The Histone Deacetylase 8 Market is segmented by application, with cancer treatment currently holding the largest share, driven by the high prevalence of HDAC8 overexpression in various malignancies. According to the MRFR report, the therapeutic applications segment is anticipated to expand rapidly as more preclinical and clinical studies demonstrate the potential benefits of HDAC8 inhibitors, particularly in treating hematological malignancies and solid tumors. The ability to selectively target HDAC8 is expected to improve the safety profile of epigenetic therapies, making them attractive for combination regimens.

While cancer treatment leads, neurological disorders represent a rapidly growing segment. HDAC8 has been implicated in the pathogenesis of Huntington's disease (HD), where its inhibition has been shown to promote the clearance of mutant huntingtin protein. A phase 2 trial of the HDAC inhibitor selisistat found it safe and tolerable in HD patients, and it accomplished something no other experimental treatment has been shown to do—it changed the level of mutant huntingtin in the bloodstream. Although the trial revealed an unexpected increase in the protein level, the results have spurred further investigation into the role of HDAC8 in neurodegeneration. Research has also shown that HDAC8 plays a role in cognitive dysfunction associated with anesthesia, and HDAC8 inhibitors have demonstrated neuroprotective effects in models of Parkinson's disease. Furthermore, a 2025 study published in Nature Communications revealed that selectively inhibiting HDAC8 in Schwann cells could significantly enhance peripheral nerve regeneration after injury, opening up new possibilities for treating traumatic nerve damage.

Rare diseases are also a significant and growing application segment. HDAC8 mutations are responsible for a subset of Cornelia de Lange syndrome (CdLS), a rare developmental disorder. While no HDAC8-targeted therapy is yet approved for CdLS, the FDA's Orphan Drug Designation program is incentivizing development. NBM-BMX, a selective HDAC8 inhibitor developed by NovelWise Pharmaceutical Corporation, has received both Fast Track and Orphan Drug Designations for the treatment of metastatic uveal melanoma, a rare and aggressive cancer with limited treatment options. The first patient was dosed in the Phase Ib/II trial in December 2025, marking a significant clinical milestone.

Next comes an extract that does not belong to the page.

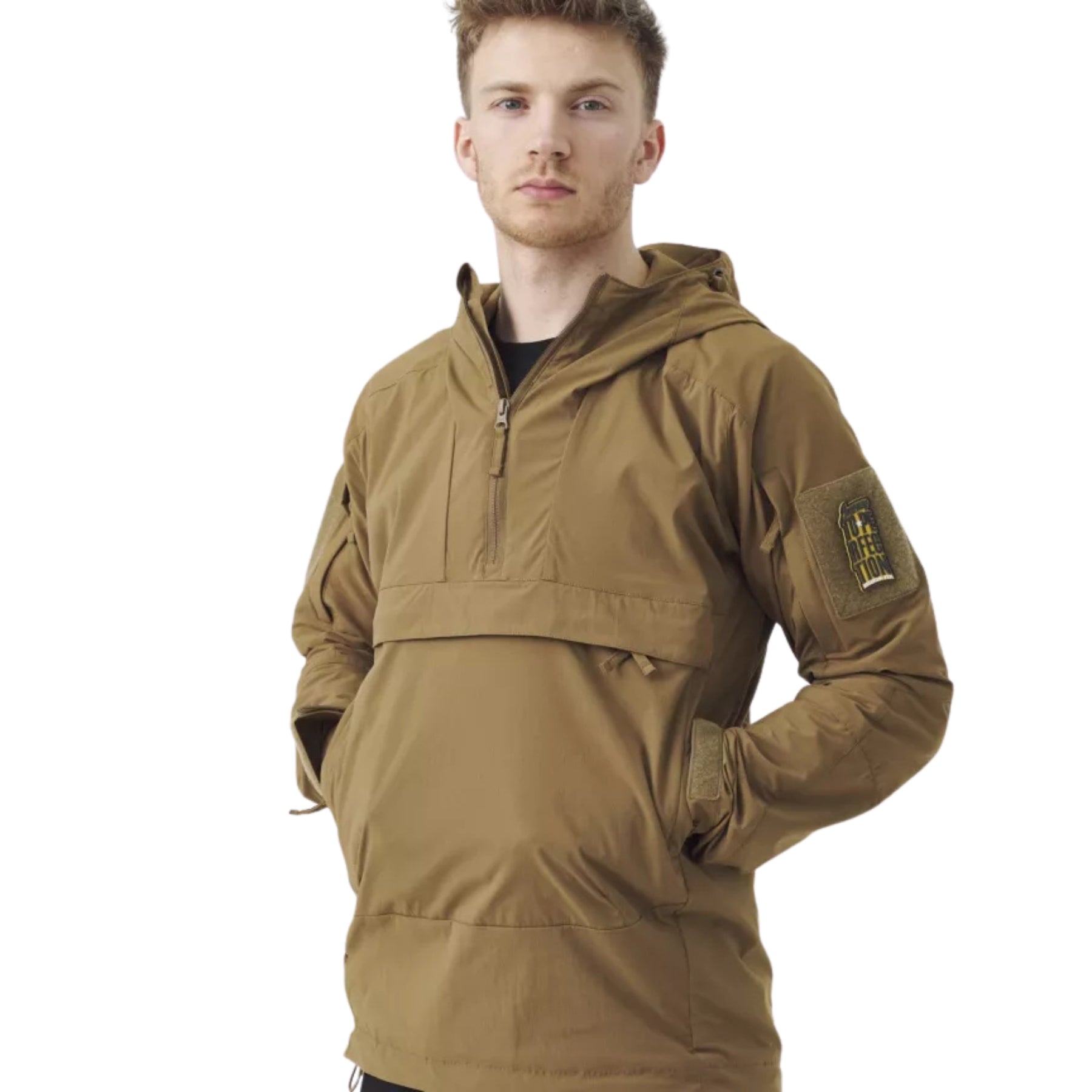Helikon-Tex Mistral Anorak Jacket KU-MSL-NL giacca soft shell antivento e idrorepellente in tessuto elastico StormStretch con cappuccio regolabile, ampia tasca frontale a marsupio con organizer interno, tasche omerali e zip di ventilazione YKK per trekking, bushcraft e outdoor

By end use, the market is dominated by pharmaceutical and biotechnology companies, which are driving the majority of R&D efforts and clinical trials. Research institutions and academic medical centers are also key end-users, contributing to the foundational science and early-stage translational research that underpins the market. As more HDAC8 inhibitors enter clinical development and as regulatory approvals are secured, the market is expected to see a shift toward commercial production and distribution, with hospitals and specialty pharmacies playing an increasingly important role. The expansion into new applications, such as cardiovascular and metabolic diseases, will further diversify the end-user landscape.